空心↖ 2024-09-18 11:06:43

问题出在这一行：

resultat.writerow( [ `info1`,`info2` ,`line[1]`,`line[2]`,`line[3]`,`line[4]`,`line[5]`,`line[6]`,`line[7]`,`line[8]`,`line[9]`,`line[10]`,`line[11]`,`line[12]`,`line[13]`,`line[14]`,`line[15]`,`line[16]`,`line[17]` ] )

用“反引号”（又名“重音符号”）包装表达式是一种老式且已弃用的表示 repr(expression) 的方式。

请考虑以下事项：

>>> s = "Montréal"
>>> print s
Montréal
>>> print repr(s)
'Montr\xe9al'
>>> ord(s[5])
233
>>> hex(233)
'0xe9'
>>> s == "Montr\xe9al"
True
>>> `s` == repr(s)
True

有问题的（以 3 种方式）行应简单地替换为

resultat.writerow([info1, info2] + [line[1:18]]) # WRONG (sorry!)
resultat.writerow([info1, info2] + line[1:18]) # RIGHT

The problem is in this line:

resultat.writerow( [ `info1`,`info2` ,`line[1]`,`line[2]`,`line[3]`,`line[4]`,`line[5]`,`line[6]`,`line[7]`,`line[8]`,`line[9]`,`line[10]`,`line[11]`,`line[12]`,`line[13]`,`line[14]`,`line[15]`,`line[16]`,`line[17]` ] )

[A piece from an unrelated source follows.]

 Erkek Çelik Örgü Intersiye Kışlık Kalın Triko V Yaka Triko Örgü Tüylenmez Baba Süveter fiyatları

Wrapping an expression in "back-ticks" aka "grave accents" is an old-fashioned and deprecated way of saying repr(expression).

Please consider the following:

>>> s = "Montréal"
>>> print s
Montréal
>>> print repr(s)
'Montr\xe9al'
>>> ord(s[5])
233
>>> hex(233)
'0xe9'
>>> s == "Montr\xe9al"
True
>>> `s` == repr(s)
True

The offending (in 3 ways) line should be simply replaced by

resultat.writerow([info1, info2] + [line[1:18]]) # WRONG (sorry!)
resultat.writerow([info1, info2] + line[1:18]) # RIGHT

回复收藏 0 原文

~没有更多了~

关于作者

苄①跕圉湢

暂无简介

0 文章

0 评论

22 人气

关注发私信

友情链接

文江博客

如何在 python 中使用带有法语字符的 csv.reader，例如 é,à,ç,ê,ë,

如果你对这篇内容有疑问，欢迎到本站社区发帖提问参与讨论，获取更多帮助，或者扫码二维码加入 Web 技术交流群。

发布评论

评论（2）

关于作者

相关话题

热门标签

推荐作者

内心激荡

JSmiles

赏烟花じ飞满天

左秋

迪街小绵羊

瞳孔里扚悲伤

友情链接

如何在 python 中使用带有法语字符的 csv.reader，例如 é,à,ç,ê,ë,

如果你对这篇内容有疑问，欢迎到本站社区发帖提问 参与讨论，获取更多帮助，或者扫码二维码加入 Web 技术交流群。

发布评论

评论（2）

关于作者

相关话题

热门标签

推荐作者

内心激荡

JSmiles

赏烟花じ飞满天

左秋

迪街小绵羊

瞳孔里扚悲伤

友情链接

如果你对这篇内容有疑问，欢迎到本站社区发帖提问参与讨论，获取更多帮助，或者扫码二维码加入 Web 技术交流群。